I received the replacement a few days ago, and the server happily booted right back up. After letting it run for 24 hours, everything seemed to be working fine, so I replaced one of the 2 TB drives in the second VDEV with the new 6 TB drive I had on hand. The server started working on resilvering the drive, and another 24 hours or so passed.
Then I awoke the next day to the server unresponsive again. All the same tests seem to point to the motherboard being bad. I know it seems oddly coincidental for the same part to fail twice back to back, but I'm pretty confident I've eliminated any other variables. The server is powered by a rackmount APC UPS, so it should be receiving nice clean power. To rule out any of my other components, I bought a new PSU and a stick of RAM to test with, and neither of those could get it to boot. So I'm fairly confident it's a bad motherboard again, as odd as it may seem.
ASRock is RMA'ing the motherboard again. As a side note, at this point, I've lost confidence in the reliability of AS Rock, or at least this specific model of motherboard, so yesterday I ordered a SuperMicro X10SL7-F and Pentium G3258, which will be housed in a SuperMicro SC-846 as soon as I can find a good deal on one on eBay.

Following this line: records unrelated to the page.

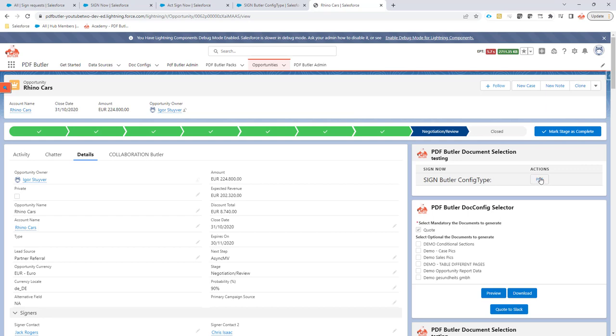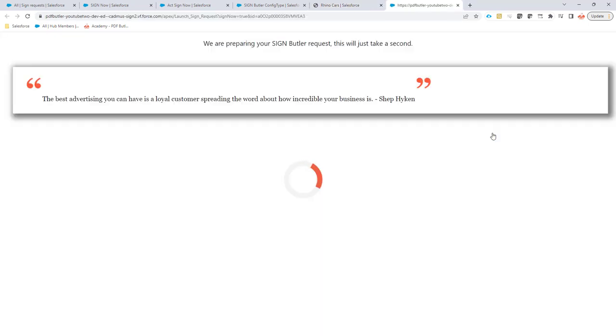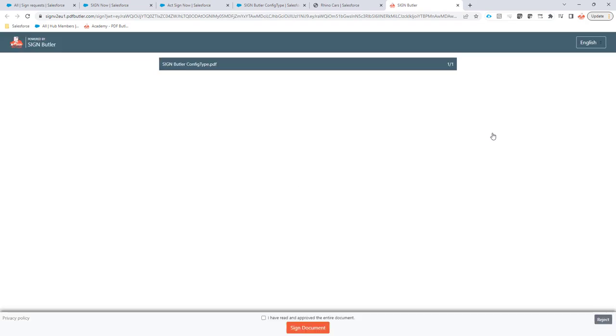And we can launch it by a click of a button. So if I launch this, it will actually open up the page that creates the sign request and then from this page it will immediately forward to the signing page.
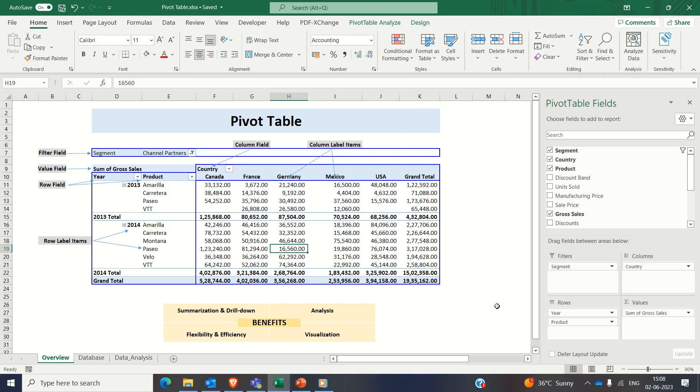Welcome to today's tutorial on how to create pivot tables in Microsoft Excel. Pivot tables are powerful tools that allow you to analyze and summarize data in a flexible and interactive way. Pivot tables are a must-have tool extensively used by data analysts and business analysts.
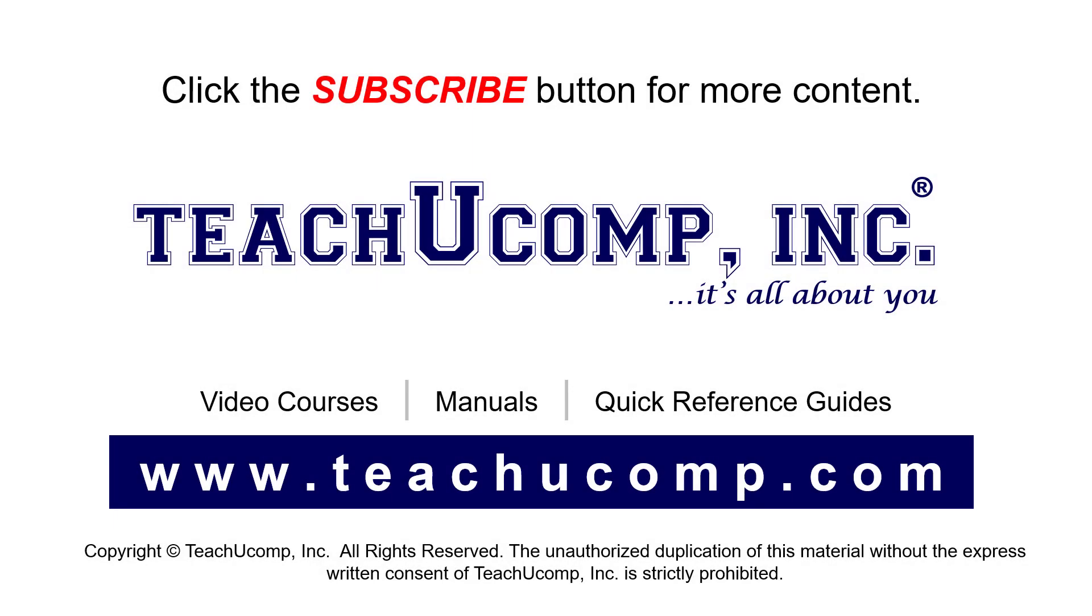Remember to click the Subscribe button to see more of our videos. See our full suite of courses, instruction manuals, and quick reference guides at www.teachucomp.com.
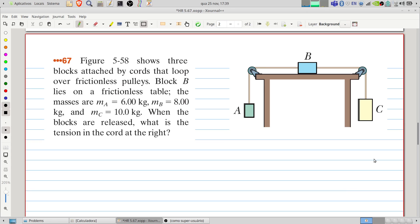Welcome to Problems and Solutions. Today we'll see problem 6.7 of Chapter 5 from Halliday and Resnick. The figure shows three blocks attached by cords that loop over frictionless pulleys. Block B lies on a frictionless table. The masses are: MA = 6 kg, MB = 8 kg, and MC = 10 kg. When the blocks are released, what is the tension in the cord at the right?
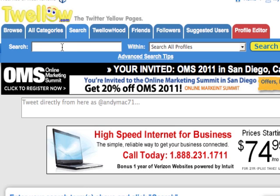Here's what I would do. I would type in "day spa" in quotation marks and then put the ampersand sign, and I'm looking for Los Angeles or LA — because they might have either or in their profile.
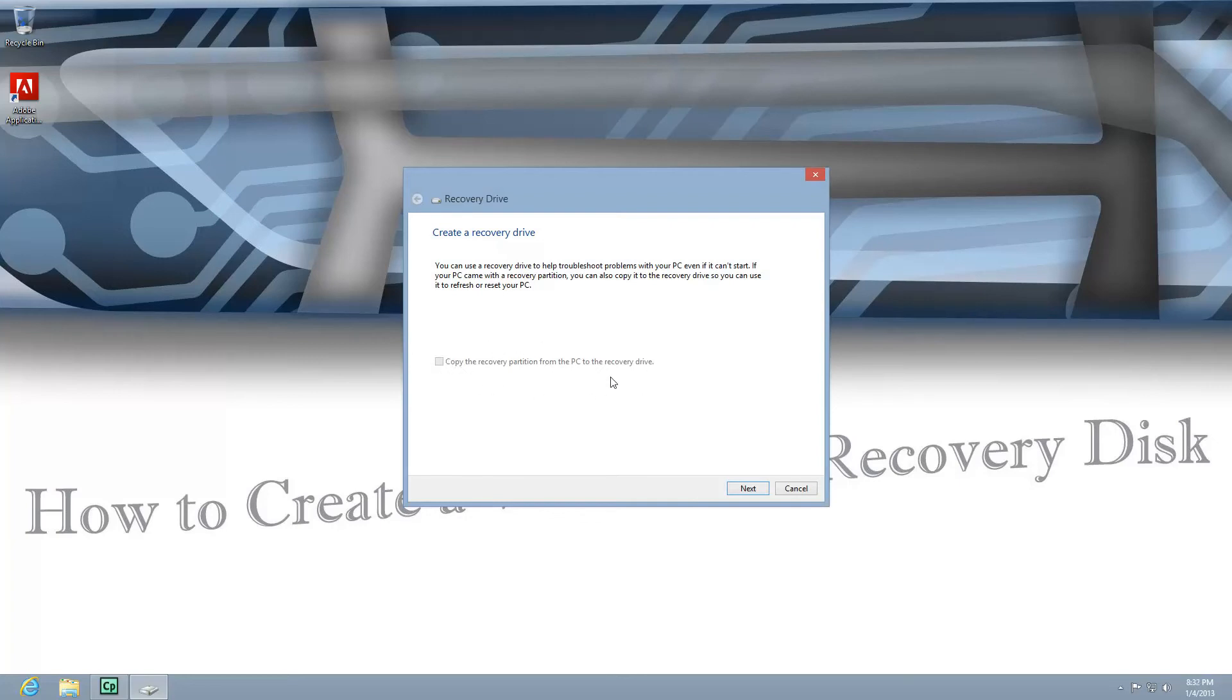In my case, it's not because I wiped out the recovery partition and loaded a clean installation of Windows 8, not from the manufacturer.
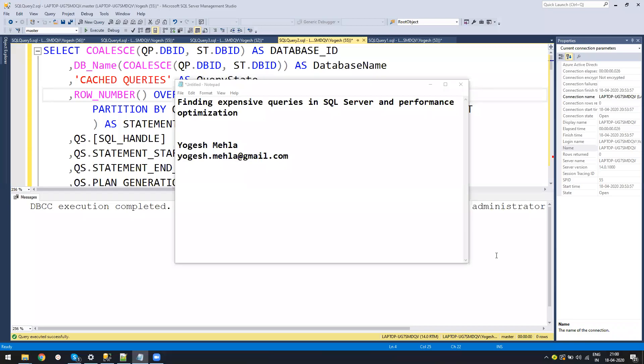Hello everyone. My name is Yogesh. In today's video, we'll learn about how you can find expensive queries in SQL Server and do performance optimization.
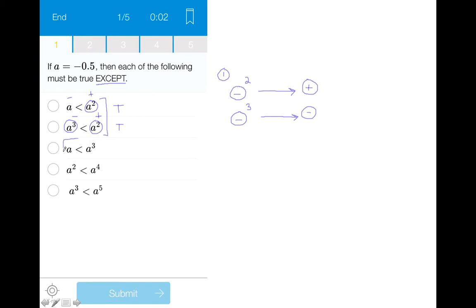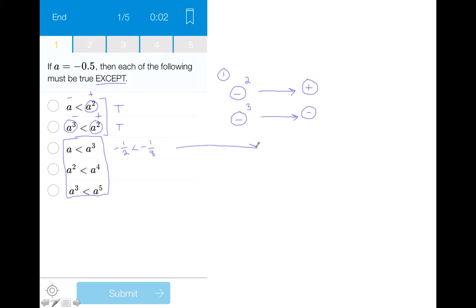The best way to approach answer choices three through five is to actually plug in for 'a.' I'm going to draw out a number line to help show the differences between the two numbers on each side of the inequality sign. In answer choice three, 'a' is minus one-half, and the statement says this is less than a cubed, which is minus one-eighth. On the number line, minus one-half falls between zero and minus one, and minus one-eighth falls closer to zero, making it a greater number — proving that this answer choice is also true.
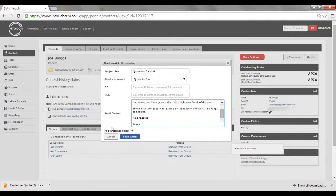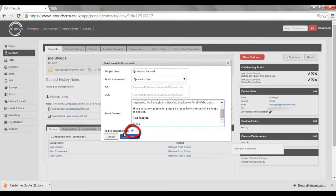If you wish to add that correspondence to the contact record, select Add Contact History. Once you're ready, click Send Email.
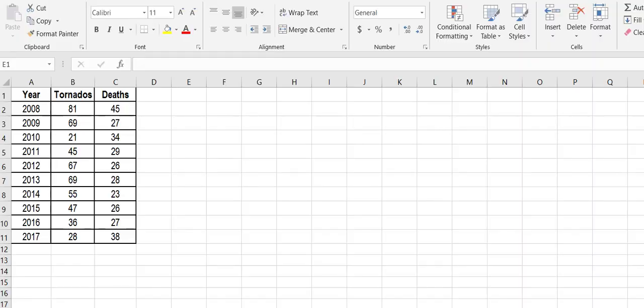Good afternoon ladies and gentlemen. Professor Williams again, and what I'm going to do today is show you how to calculate a correlation coefficient and a covariance using Excel.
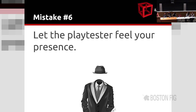Mistake number six: letting the playtester feel your presence. Obviously you have to avoid talking, but you should also avoid the 'mm-hmm' and 'uh-oh' that may redirect the playtester. Also, if you take notes — and I really hope you do — take notes continuously, even when there is nothing to note; make doodles. If not, the tester may think they did something wrong during the playtest, and that might change the way the playtester behaves.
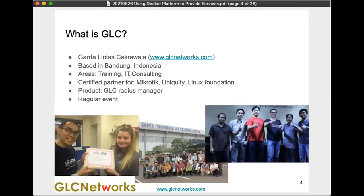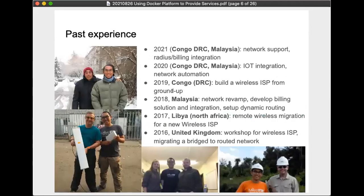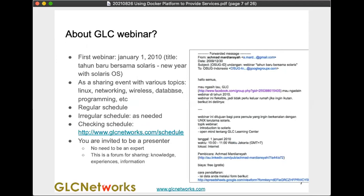We do networking, system administration, and programming. We also create our own RADIUS manager and have regular events like today. I'm based in Bandung — a Linux user, MikroTik user, Cisco user, Ubiquiti user, PHP and Python user. I teach networking, sysadmin, and programming, and I also work as a consultant. We started doing webinars since 2010.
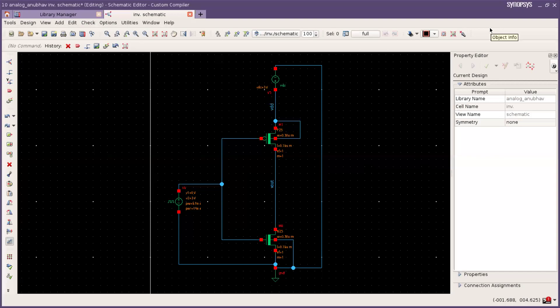Hello everyone, welcome to your channel VLSI expert. I am Anwar in a final year of BTEC. In previous session we have learned how to draw a schematic and now we are going to learn how to draw a symbol of an inverter.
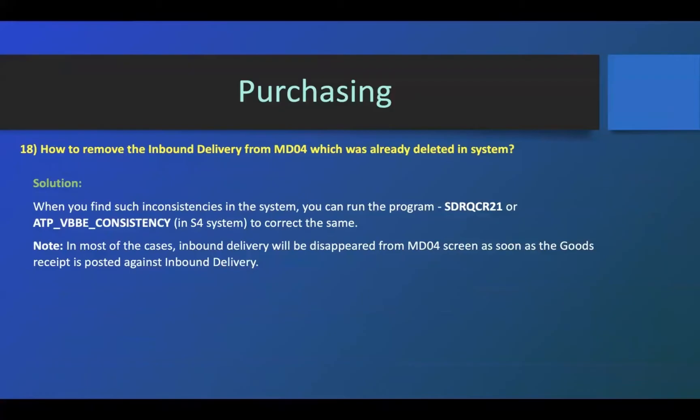Then it will be like an inconsistency in the system. When you find such inconsistencies in the system, you can run the program. SAP has given this program.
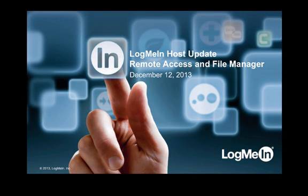Hi everyone, I'm Alex Hagan, Product Marketing Manager for LogMeIn, here to tell you about a new update for Remote Access and File Manager for the browser experience in LogMeIn Hosts.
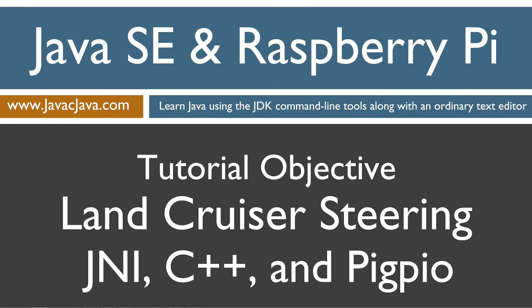Stay tuned for my next tutorial. I will demonstrate how I will be doing the socket communications, which will ultimately be the key to how the Android and iPhone will remote control the Land Cruiser. That concludes this tutorial. Thanks for watching.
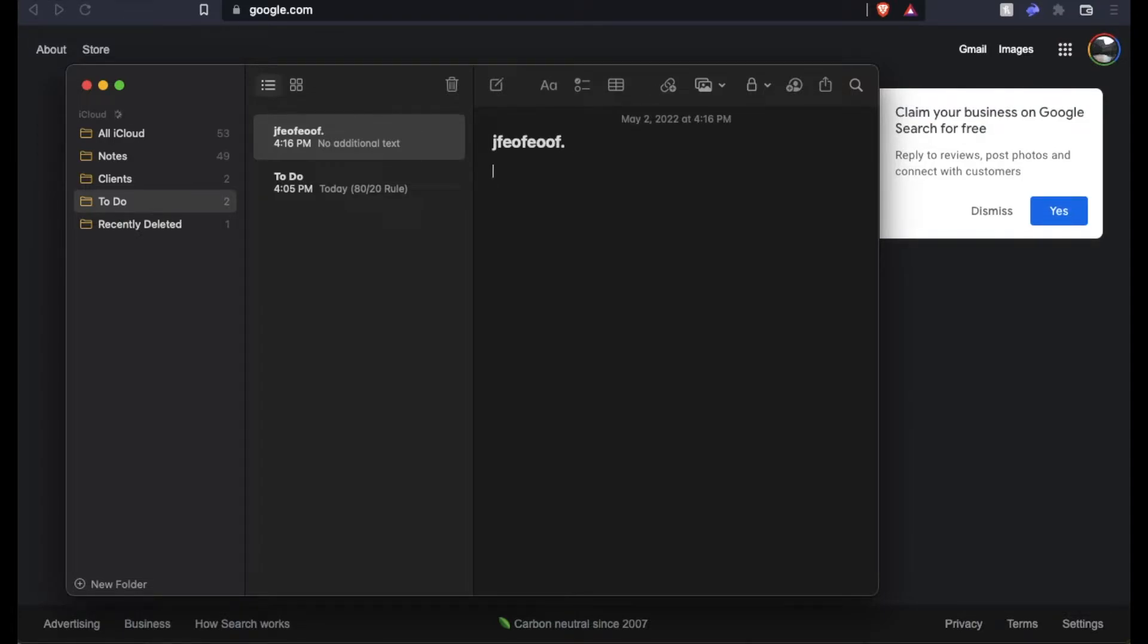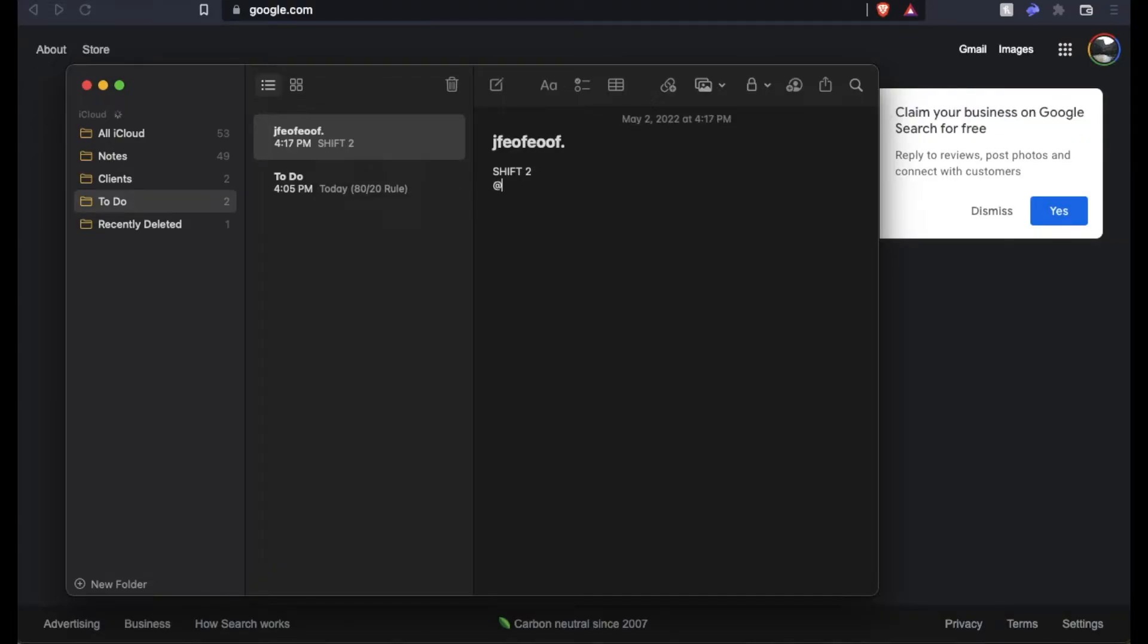The keyboard shortcut, and I'm going to write this, is going to be shift and then the number two. So you hold the shift button. I'm going to do that now, and then I'm going to hit the number two. And as you can see, that little at symbol will then show up.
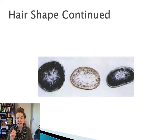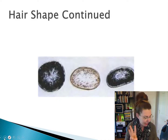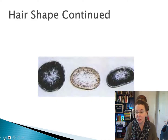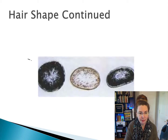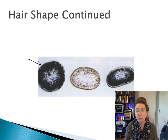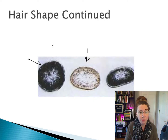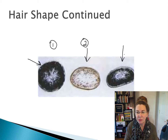This is the cross-sectional shape of three different hairs of three different textures. The first one is quite round in shape. The second one is a little bit more oval. And then our third one has that flattened edge.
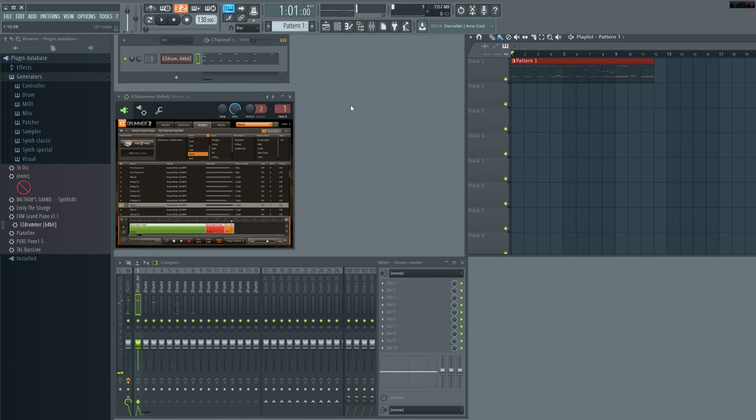So anyways, if this tutorial helped you out on how to hook up EZDrummer to FL Studio, hey that's awesome man. I really hope it does and that's way cool. And anyways, I'd like to thank you for watching this video. If you have any questions, just leave them in the comments and I will try to get back to you. And you know what? As always, peace out.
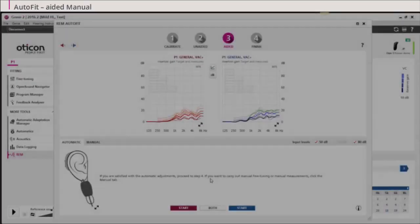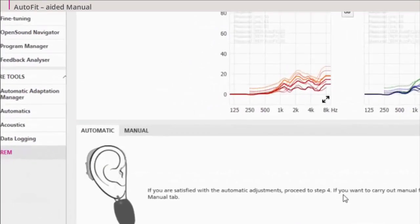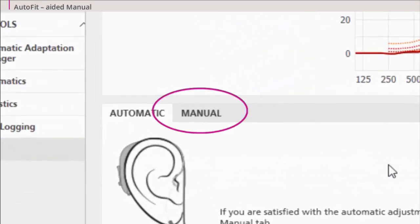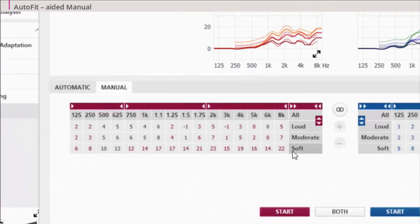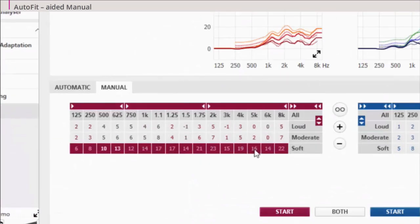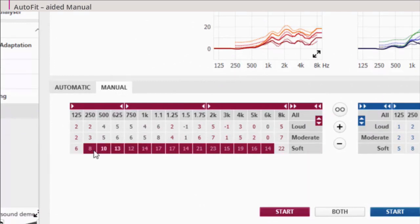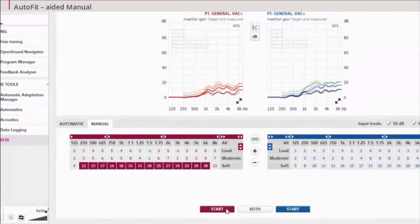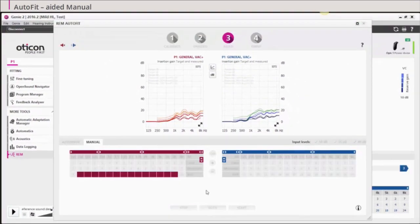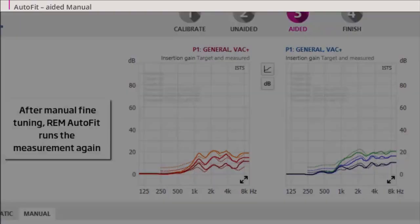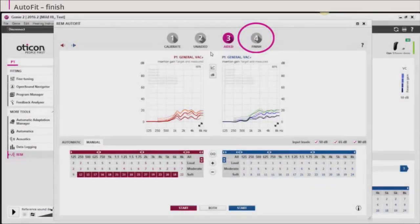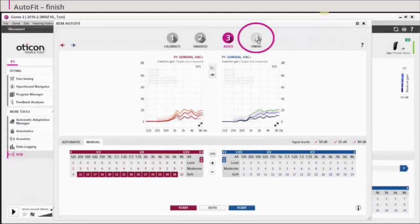For fine tuning and further adjustments of the gain, you can choose the manual option. After manual fine tuning, REM AutoFit runs the measurement again to verify the fitting. Select finish to conclude the measurement.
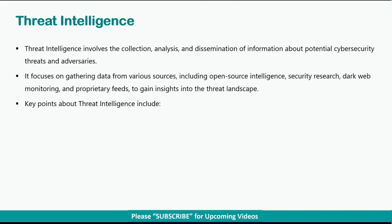Threat intelligence involves the collection, analysis, and dissemination of information about potential cybersecurity threats and adversaries. It focuses on gathering data from various sources, including open source intelligence, security research, dark web monitoring, and proprietary feeds to gain insights into the threat landscape.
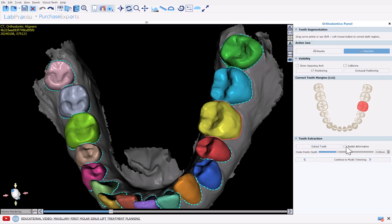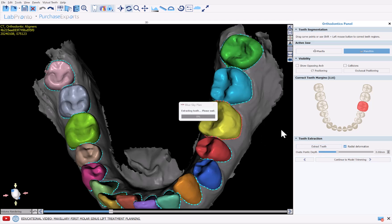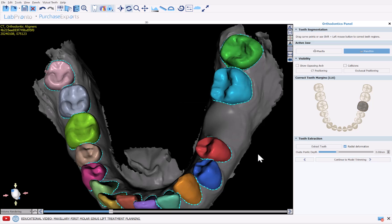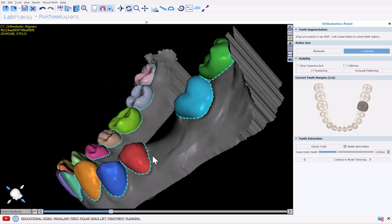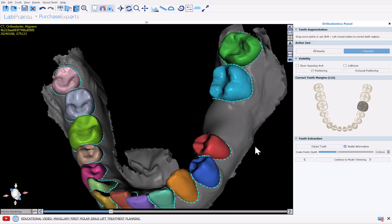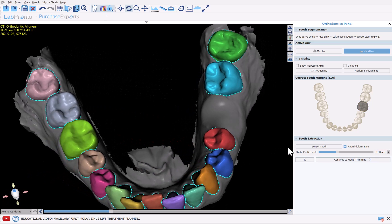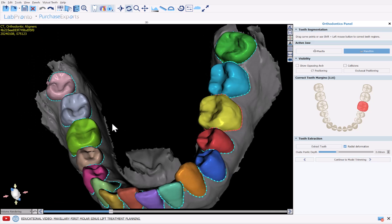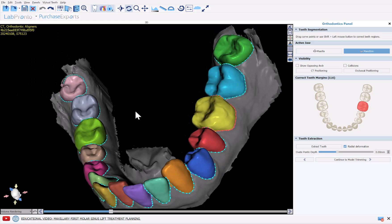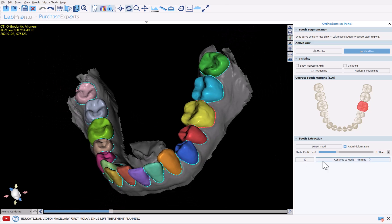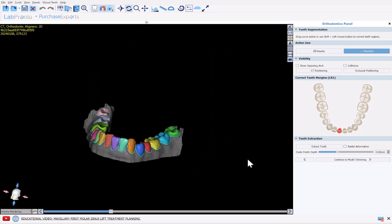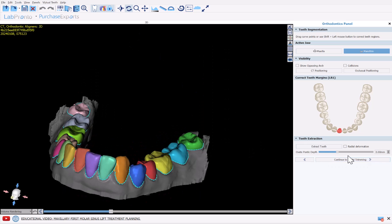We also have an option for radial deformation. You could use the slider to select the relevant depth that you like and once again once the tooth is active, simply click Extract Tooth. OK, we could see the tooth has been extracted and removed accordingly. I'm going to undo that option and we are now ready to proceed with model cleanup. OK, so now I'm going to click Continue to Model Trimming.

My concern, though, is with my data. I checked the status of the resilver before going to bed the night before, and it said it had about 8 hours left. I got an automated email at 3am saying it had about 4 hours left:
Code:
pool: tank state: ONLINE status: One or more devices is currently being resilvered. The pool will continue to function, possibly in a degraded state. action: Wait for the resilver to complete. scan: resilver in progress since Tue Jan 12 18:22:55 2016 21.1T scanned out of 23.9T at 189M/s, 4h19m to go 2.42T resilvered, 88.30% done config: NAME STATE READ WRITE CKSUM tank ONLINE 0 0 0 raidz1-0 ONLINE 0 0 0 gptid/6edde696-e850-11e4-8cc5-d0509964c21c ONLINE 0 0 0 gptid/6fede701-e850-11e4-8cc5-d0509964c21c ONLINE 0 0 0 gptid/70ee95c4-e850-11e4-8cc5-d0509964c21c ONLINE 0 0 0 gptid/71eecd16-e850-11e4-8cc5-d0509964c21c ONLINE 0 0 0 raidz1-1 ONLINE 0 0 0 gptid/d5c41fa2-ed21-11e4-a6a6-d0509964c21c ONLINE 0 0 0 gptid/5f82fd5c-b983-11e5-b6ca-bc5ff4fda84e ONLINE 0 0 0 (resilvering) gptid/d723824f-ed21-11e4-a6a6-d0509964c21c ONLINE 0 0 0 gptid/d7d59e65-ed21-11e4-a6a6-d0509964c21c ONLINE 0 0 0
When I woke up and checked the server at around 9am, it was dead. So I don't know if the resilvering managed to complete before it failed, but I suspect it hadn't.
If it hadn't finished resilvering, my question is this -- When I bring the server back up on its third motherboard, will ZFS be robust enough to just pick up on the resilvering where it left off? Or will the pool be corrupted?